Epidemiology and demography
Epidural empyemas are relatively rare, but acount for ca. 30% of all intracranial infections. They can appear at every age with no sex preference.
The most common pathogens are streptococci, Haemophilus influenzae, Staphylococcus aureus and Staphylococcus epidermidis.
In more than 2/3 of cases epidural empyemas are a complication of sinusitis. Spreading can be per continuitatem through the sinus walls or retrograde through valve-less bridging veins.
Approximately 20% of cases are complications of mastoiditis. Epidural empyemas can occur as a complication of traumatic brain injury, neurosurgical operations or meningitis.
Fever, headache, meningism, sinusitis.
Focal-neurologic deficits or seizures can occur in cases of large, space-consuming empyemas.
Biconvex, bounded by sutures, can cross thr midline.
Extra-axial, liquorisodense or hyperdense space-consuming lesion, lensoid / biconvex.
Strong peripheral contrast enhancement.
- T1: Hyperintense
- T2/PD: Iso- or hyperintense
- FLAIR: Hyperintense
- DWI: Pus is hyperintense with decreased ADC
- T1 + Gd: strong peripheral contrast enhancement
- Kastrup O, Wanke I, Maschke M. Neuroimaging of infections of the central nervous system. Semin Neurol. 2008;28:511-22.
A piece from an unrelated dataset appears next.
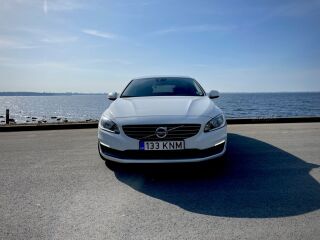 Volvo V60 1.6 84kW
- Tsuchiya K, Osawa A, Katase S, Fujikawa A, Hachiya J, Aoki S. Diffusion-weighted MRI of subdural and epidural empyemas. Neuroradiology. 2003;45:220-3.
- Wong AM, Zimmerman RA, Simon EM, Pollock AN, Bilaniuk LT. Diffusionweighted MR imaging of subdural empyemas in children. AJNR Am J Neuroradiol. 2004;25:1016-21.